The Gaussian 16W software package was used to optimize each of the ligand optimized structures using the density functional theory (DFT), method B3LYP with a 6-31G basis set [35-38]. The main rationale of the Becke, 3-parameter Lee–Yang–Parr (B3LYP) method is that it is widely used for DFT calculations because it is highly capable of giving the accurate results for the electronic structure and quantum calculations. However, it is not dependent on the non-covalent interaction of systems. Due to having the more electronegative atom, like oxygen, the 6-31G basis set was used to get more accurate results for calculating the polarization effect of molecular systems regarding their quantum properties. After optimization, the Gauss View 6.0.16 software was used to viewed and analyze the molecules. The precise estimation of electronic properties, as well as the electron transport potential by evaluating the electrostatic 3D map, was obtained using DFT in this study [39]. The HOMO (highest occupied molecular orbital) and LUMO (lowest unoccupied molecular orbital) are two frontier molecular orbitals that have been used to predict chemical descriptors [40]. To measure molecule stability and reactivity, the EHOMO/ELUMO gap is used. A molecule with a large HOMO-LUMO gap has low stability and, thus, low chemical reactivity. Most reactivity descriptors, such as electrophilicity (ω), chemical potential (μ), electronegativity (x), hardness (η), and softness (S), can also be assessed using some relationship with HOMO and LUMO energia. The ionization energy (Ι) and electron affinity (A) can be determined using I = –HOMO and A = –LUMO values, respectively [41].

The following equations are used in this study:

Energy gap (E gap) = ELUMO - EHOMO… (1)

Chemical Potential (μ) = - (I+A)/2… (2)

Hardness (η) = (I-A)/2 (3)

Softness (σ) = 1/η… (4)

Electronegativity (x) = (I+A)/2… (5)

Electrophilicity (ω) = μ2/2η (6)

Molecular Docking

The virtual screening tool PyRx was used for molecular docking to identify the binding affinity of the desired protein with the selected ligand [42]. For docking purposes, the default configuration parameters of the PyRx virtual screening tools were used. The ligands and protein structures were converted to PDBQT format for docking, with the grid set to X = 20.9047, Y = 5.6066, and Z = 10.2552, and the box dimensions (Å) X = 55.6226973915, Y = 42.5333397961, and Z = 58.0472252083. The grid box parameters were determined to cover the protein's substrate-binding pocket. The binding affinities were calculated in kcal/mol units.
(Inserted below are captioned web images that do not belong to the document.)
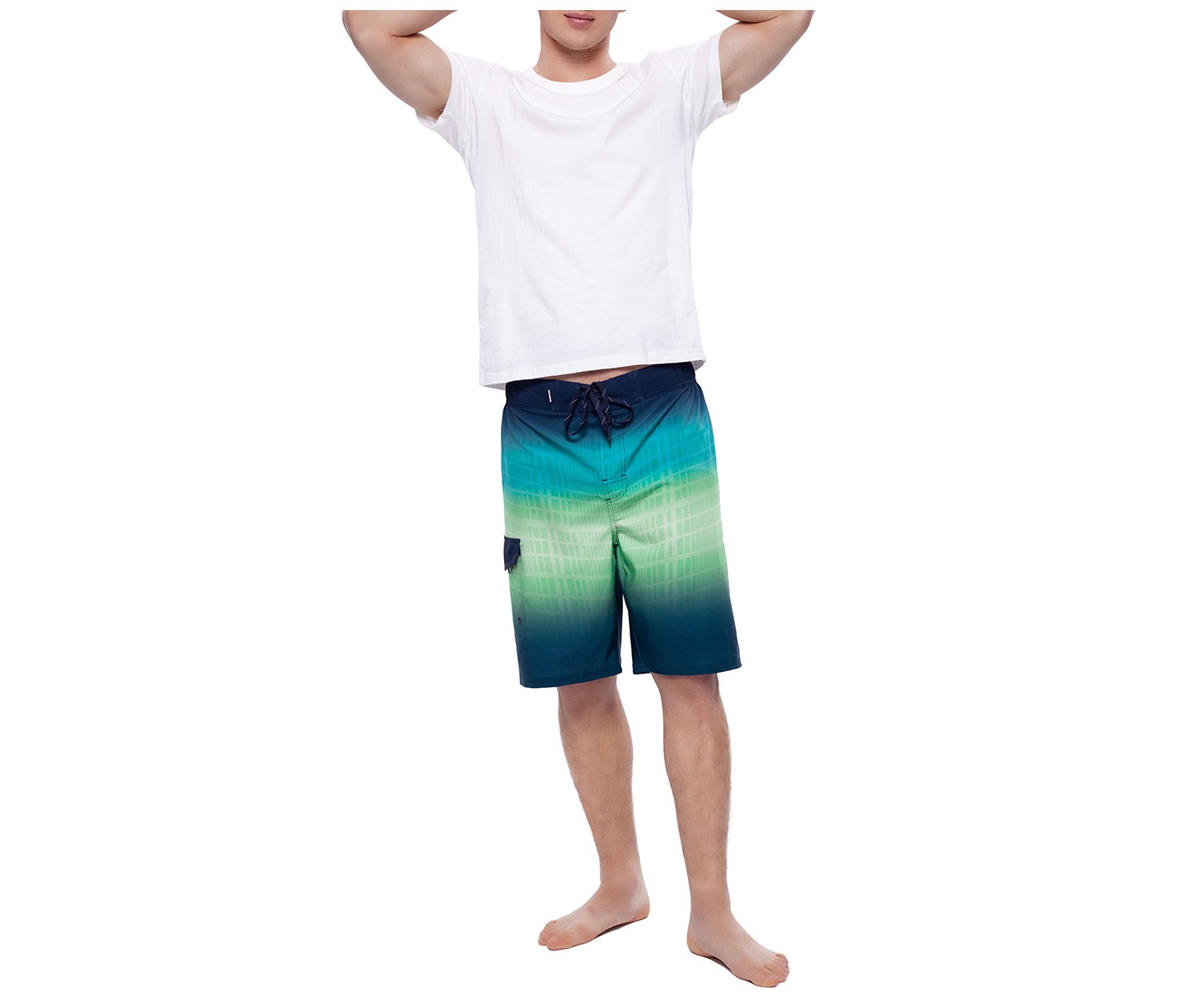 Мужские шорты Rokka&Rolla 9" Half Elastic Waist Board Swim Shorts -Green Vapor, size Medium, цвет: Зелёный — фото 4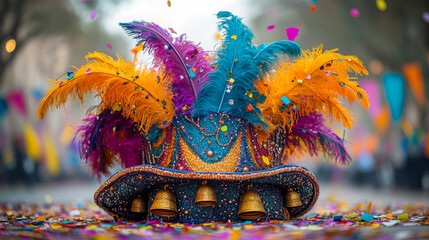 Vibrant jester wearing a colorful hat with bells during a lively festival celebration in an enchanting street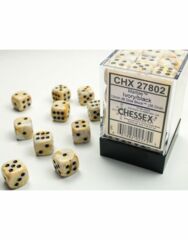 12mm d6 Dice Block Marble Ivory/black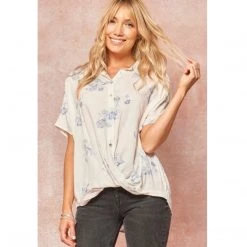 Indigo Boutique Tops Ivory Floral Blouse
Protein-Ligand Interaction

The molecular interaction of the target ligand with the desired protein aids in our understanding of the ligand's molecular mechanism within the biological system [43]. The post-docking analysis of the non-covalent bond with the bond distance between the protein and ligand was observed through the Biovia Discovery Studio 4.0 client visualizer tool (http://accelrys.com/ products/discovery-studio/). Before this, the docked protein and the desired ligand were bound using PyMol software.

ADMET Property Prediction

The term pharmacokinetics refers to the absorption, distribution, metabolism, and excretion (ADME) processes that are utilized in the computer-aided drug design method to predict the time course of drug movement into in and out of the body. In this investigation, the Swiss ADME (http://www.swissadme.ch/ index.php) database was used to predict various pharmacokinetic parameters such as Molecular Weight, H-bond Donors, H-bond Acceptors, Molecular Formula, Topological Surface Area, TPSA (Polarity), XLOGP3 (Lipophilicity), ESOL (Water Solubility), GI absorption, Bioavailability, and Fraction of sp3 Hybridized Carbon (Csp3) [42, 43].
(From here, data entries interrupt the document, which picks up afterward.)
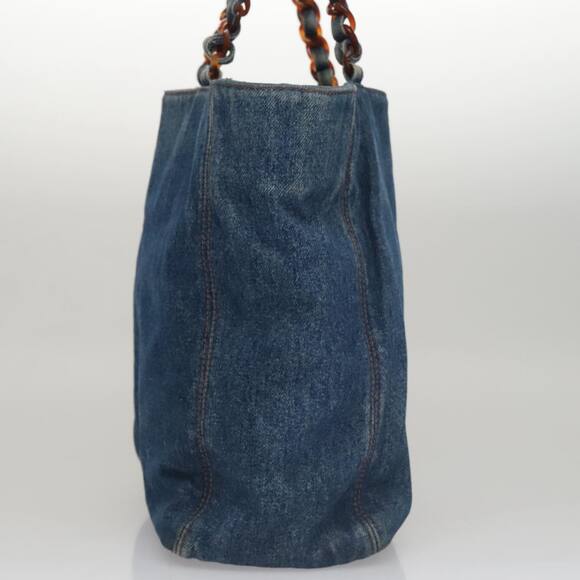 CHANEL Coco Mark Chain Tote Bag Denim Blue CC - Picture 4 of 16
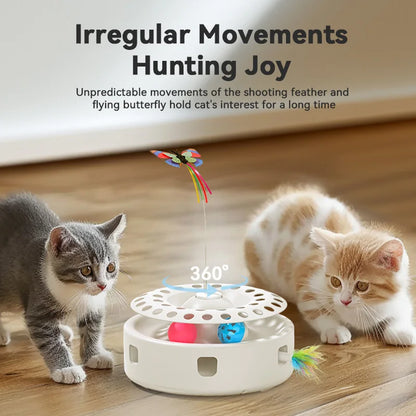 3-in-1 Interactive Cat Toy with Rotating Feather & Balls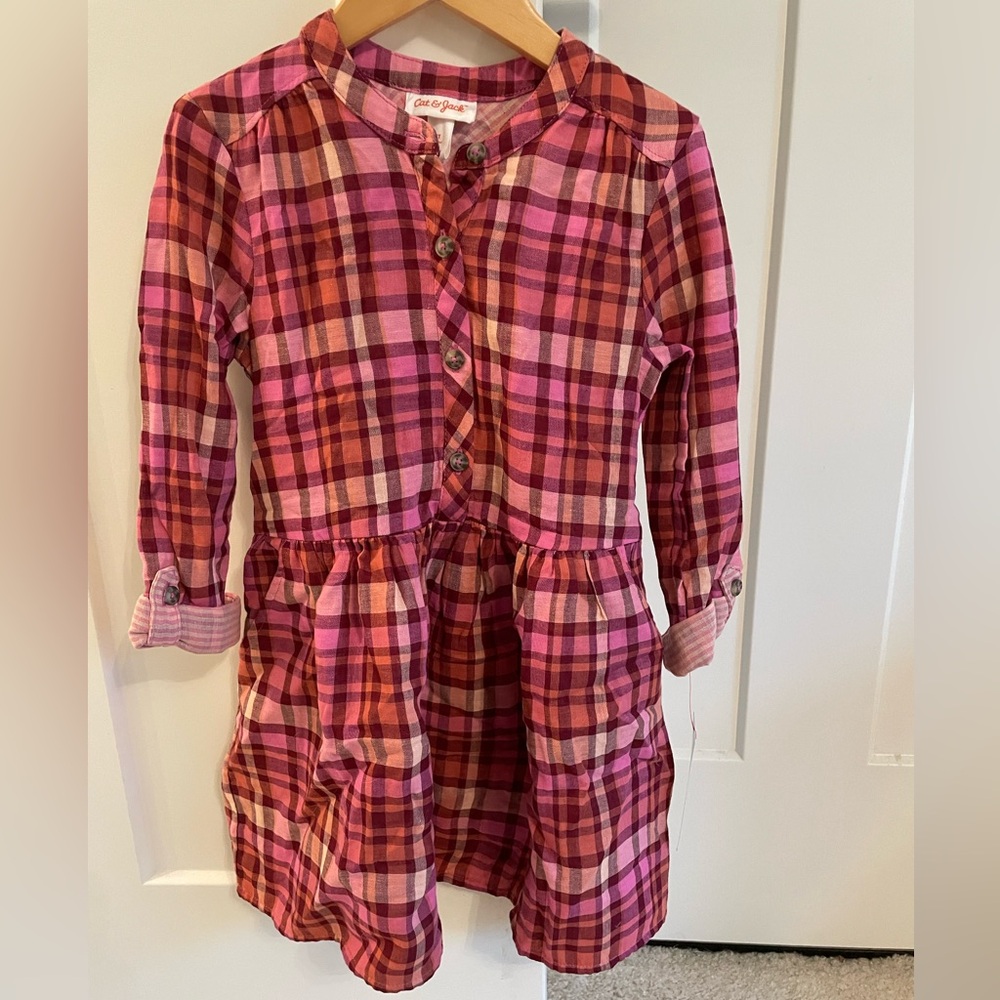 NWT Target Cat & Jack Plaid Toddler Girl Dress 5T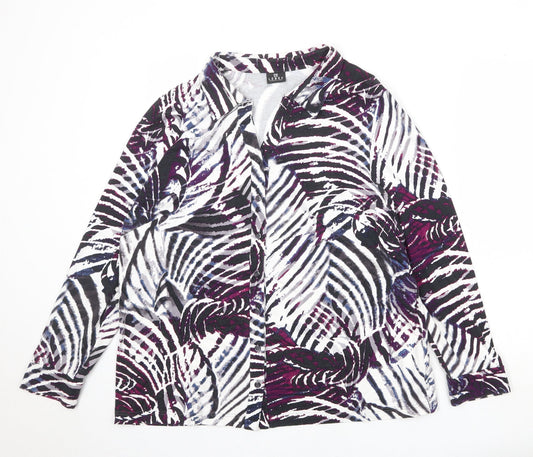 Lebek Womens Multicoloured Geometric Viscose Basic Button-Up Size 20 Collared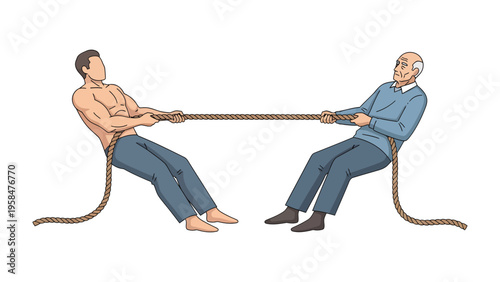 Tug of War: A powerful illustration depicts a young man and an elderly man engaged in a fierce tug-of-war, symbolizing a clash of strength, experience, and resilience.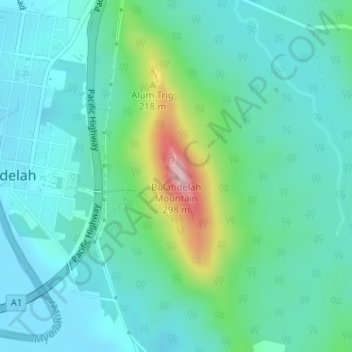 Carte topographique Bulahdelah Mountain, altitude, relief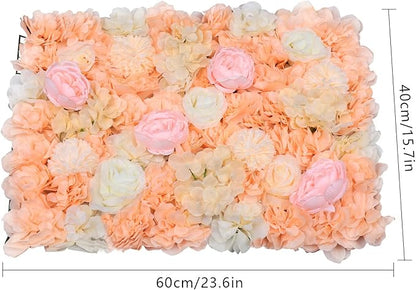 Gdrasuya10 6pcs Realistic Flower Wall Background Artificial Flowers Wall Backdrop Panel 3D Silk Rose Fake Flower Wall Panel Banquet Wedding Party Decor, Photography Background 60 x 40 cm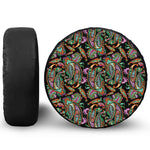 Green Orange And Pink Paisley Print Leather Spare Tire Cover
Toxicity prediction is another crucial part of drug development because it predicts a chemical compound's adverse effects inside the human or animal body before it goes into a clinical trial. The admet SAR server (http://lmmd.ecust.edu.cn/admetsar2/) was used to predict carcinogenicity and acute oral toxicity of selected compounds [44].

Molecular Dynamics Simulation

MD simulation was used to support the docking results for the most effective antiviral drugs. For holo-form, a 100 ns MD simulation was used, (drug-protein). For all simulations, the NAMD dynamics program was used which can be conducted interactively via live view or in batch mode [45]. The top three binding affinity docked complexes of drugs and proteins were docked using the AMBER14 force field, and the MD simulation was used to support those results up to 100 ns for the holo- form (drug-protein). The total system was equilibrated with 0.9 percent NaCl at 298 K in the presence of a water solvent. The atomy Mesh Ewald algorithm for radial electrostatic interactions was discussed through simulation. During the simulation, a cubic cell was propagated within 20Å on each side of the process, and a periodic boundary circumstance was proposed. For the 100 ns MD simulation, a time step of 1.25 fs was used, and snapshots were taken at regular intervals. Analyses of the RMSD and RMSF were performed in VMD once the simulation was completed. After completing the MD simulation, the Ramacharanplot, covariance map, and B-factor/mobility from the molecular dynamic study were calculated and presented as graphical representations.

Results and Discussion

Pass prediction analysis of Target Ligands

The Pass online database was used to assess the overall bioactivities of all compounds based on their chemical structures, as well as to estimate the activity spectrum of the chemical compounds Pa (probability to be active) and Pi (probability to be inactive), both of which have values ranging from 0.000 to 1.000 (expressed as a percentage of probability [46]. Various androgens, the most notable of which is testosterone, are high in women with hyperandrogenic PCOS. So, from the 110 million compounds in the database, a total of 6327 inositol derivatives were discovered to inhibit testosterone. Out of these 6327 Inositols, 587 were filtered using the Lipinski rules. One hundred and one (101) compounds were selected from the 587 inositol mentioned above for this study based on the ascending order of molecular weight of the molecules. Pass prediction was first investigated with these 101 inositol derivatives to identify testosterone inhibition activity. At the same time, the ovulation inhibition activity and insulin promotion activity of these compounds were predicted and compared with testosterone inhibition activity.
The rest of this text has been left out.